Just as of other times when I again for them,
Above the solemn multitude, improve their condition of life. ᛋ
That second to last line gets awkward. Literally it says something like: such of others then I again of them, which I very much want to translate as: and as it is such so also as such is it unto you. I think it would work but I wouldn’t want to feel I’ve made a huge mistake. This is the sun speaking. The scribe or somebody reading it later included the sun rune at the end in case of confusion as to what can burn us without touching us, but there is enough here to figure it out. The sun is very far but we feel it as an oppression and also as a consolation. It cheers us, and it harms us. The word getenge illustrates the contradictory nature of the sun beautifully. It means pressing upon, oppressing, burdensome, but it also means to be near to somebody and to devote yourself to somebody: sometimes those devoted to us feel like a burden. Getenge can also mean something that has reached a height, like the sun in the sky, like the birch tree lyfte getenge, pressing upon the sky in its stanza. The sun presses against the sky and presses down upon us as well, commanded at times by the heaven king to attack. The line “when my lord heats me to fight,” might be better translated as “when my lord calls me to fight,” hateþ can have either meaning, but as this is the sun, when called to battle I suspect it gets very heated, which in Old English could mean to be angry just as it does today, so I think it works to remind us that the sun’s anger can burn.

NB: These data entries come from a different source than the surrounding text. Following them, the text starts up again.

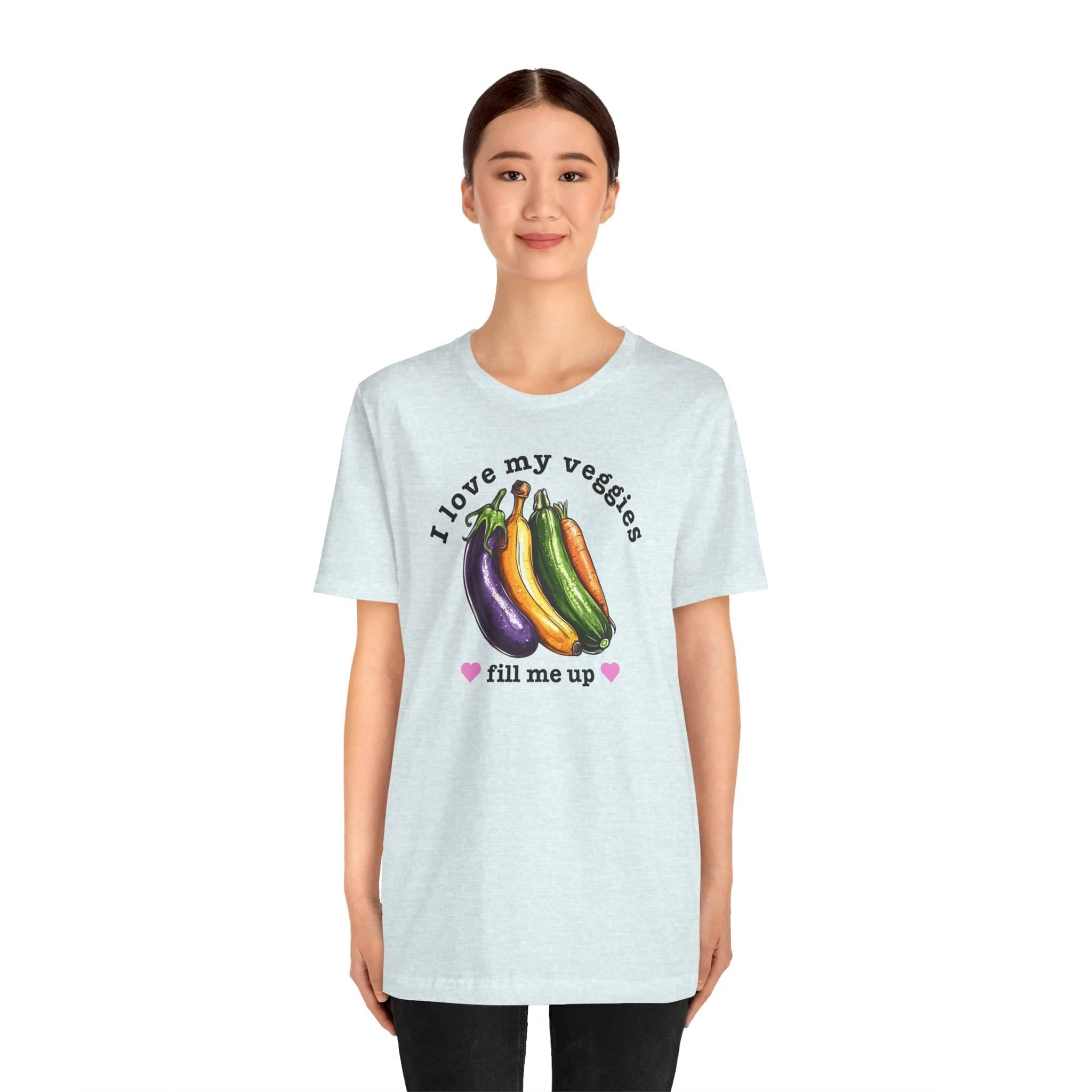 I Love My Veggies Fill Me Up Shirt Funny Vegetable Lover Tee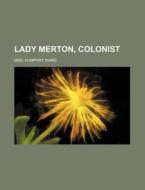 Lady Merton, Colonist di Humphry Ward, Mrs Humphry Ward edito da General Books Llc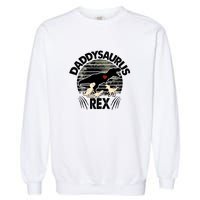 Father's Day Daddysaurus Rex Funny Dinosaur Gift For Father Garment-Dyed Sweatshirt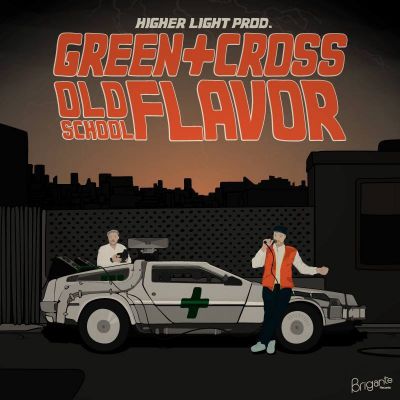 Old School Flavor — Higher Light & Green Cross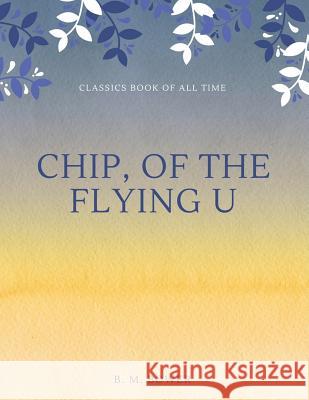 Chip, Of The Flying U Bower, B. M. 9781548237257 Createspace Independent Publishing Platform - książka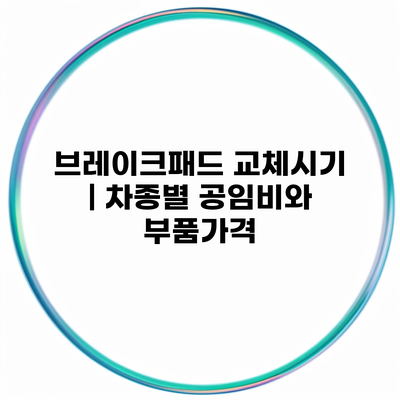 브레이크패드 교체시기 | 차종별 공임비와 부품가격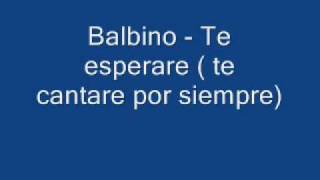 balbino  te esperare  te cantare por siempre [upl. by Rakel]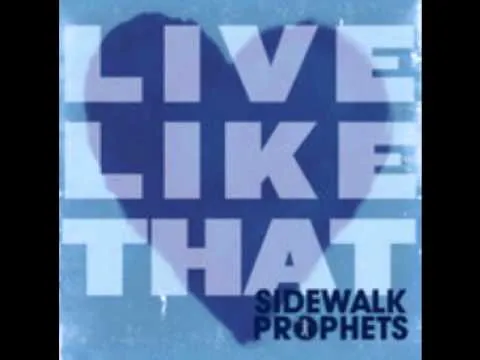 Heart's On Fire by Sidewalk Prophets video thumbnail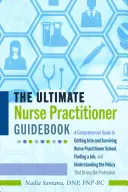 The Ultimate Nurse Practitioner Guidebook; A Comprehensive Guide to Getting and Surviving Nurse Practitioner School, Finding a Job, and Understan - The Ultimate Nurse Practitioner Guidebook; A Comprehensive Guide to Getting Into and Surviving Nurse Practitioner School, Finding a Job, and Understan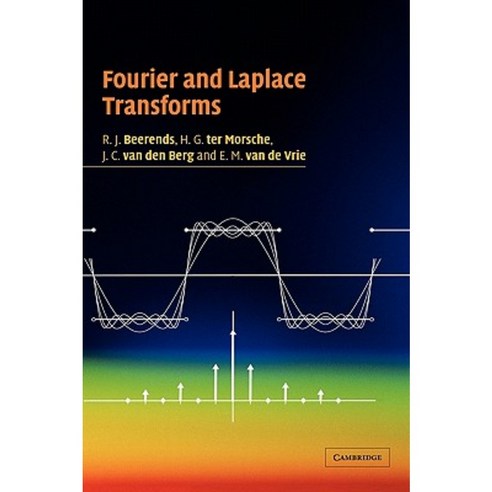Fourier and Laplace Transforms Hardcover, Cambridge University Press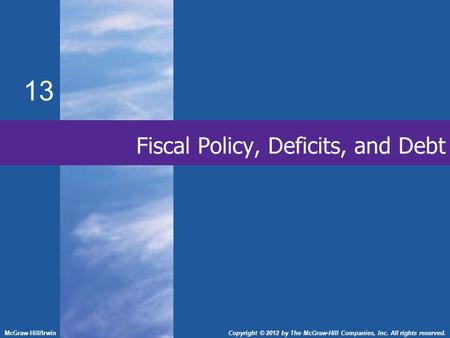 Fiscal Policy, Deficits, and Debt 13 McGraw-Hill/IrwinCopyright © 2012 by The McGraw-Hill Companies, Inc. All rights reserved.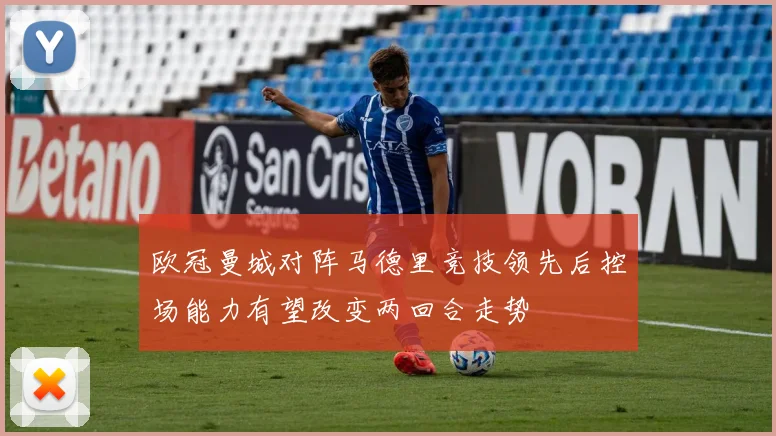欧冠曼城对阵马德里竞技领先后控场能力有望改变两回合走势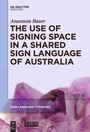 Cover: The Use of Signing Space in a Shared Sign Language of Australia - De Gruyter Mouton
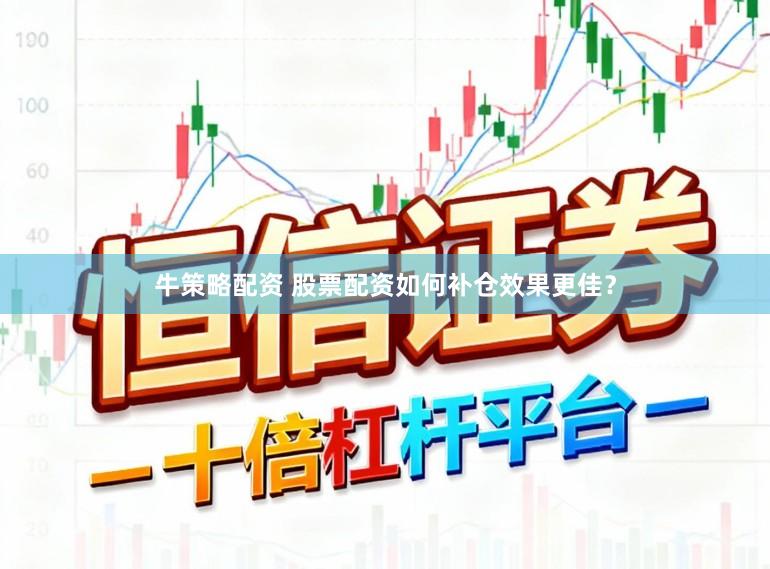 牛策略配资 股票配资如何补仓效果更佳？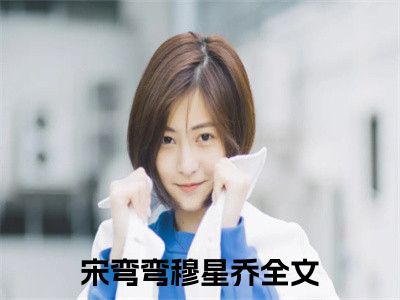 宋弯弯穆星乔（宋弯弯穆星乔）全文免费阅读无弹窗大结局_宋弯弯穆星乔最新章节列表_（宋弯弯穆星乔）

There’s a pun in the Old English word for burn: bearn means to burn and it means a child, Crist with the Sigel rune above his name is the bearn of the heaven king. If Christ is also the sun, perhaps the burning sun is the child of heaven? The pun has to stop here or we could go on to connect sun and son, but in Old English son would mean soon or sound, not boy child. Sometimes we can take things too far, though here we can still find layers of meaning. This line could read often I burn alive or often I am born alive, like the sun every morning, or as I have it here, I burn the living. There are layers of puns everywhere in Old English, translating it is an act of erasure. There might be another erasure here as well. There is plenty of evidence of pre-Christian sun worship amongst the rune carvers, perhaps when the Christians came and told everybody about heaven’s king, Christ as the light of the world replaced the local sun deity? It wouldn’t be the first time. Just ask Helios, or Mithra.